> **DATA IN THIS EXERCISE**:
********

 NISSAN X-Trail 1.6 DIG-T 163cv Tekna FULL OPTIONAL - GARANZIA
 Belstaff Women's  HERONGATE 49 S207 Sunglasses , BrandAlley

********

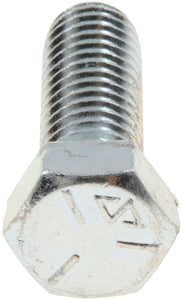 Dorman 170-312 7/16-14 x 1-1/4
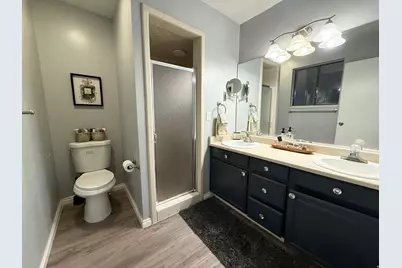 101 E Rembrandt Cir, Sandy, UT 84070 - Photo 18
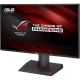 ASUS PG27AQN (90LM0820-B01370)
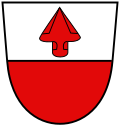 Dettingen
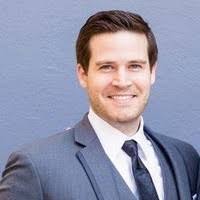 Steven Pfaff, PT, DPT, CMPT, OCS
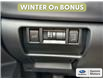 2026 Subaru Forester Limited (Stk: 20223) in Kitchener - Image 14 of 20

********

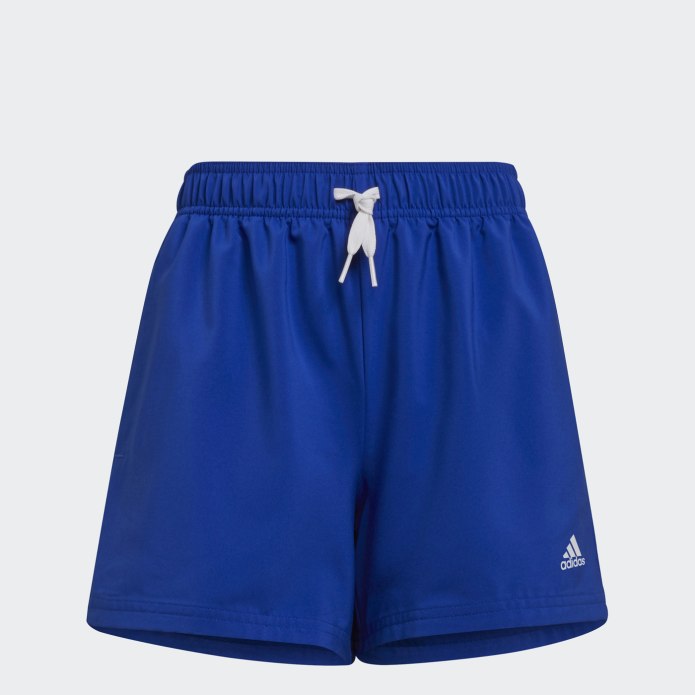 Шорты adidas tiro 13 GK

********

> **WORK REQUEST**: Go back to the listing above and reproduce, exactly, the stretch from the line bearing "101 E Rembrandt" through the line bearing "2026 Subaru Forester", without its pictures.

> **WRITTEN ANSWER**:
 101 E Rembrandt Cir, Sandy, UT 84070 - Photo 18
 ASUS PG27AQN (90LM0820-B01370)
 Dettingen
 Steven Pfaff, PT, DPT, CMPT, OCS
 2026 Subaru Forester Limited (Stk: 20223) in Kitchener - Image 14 of 20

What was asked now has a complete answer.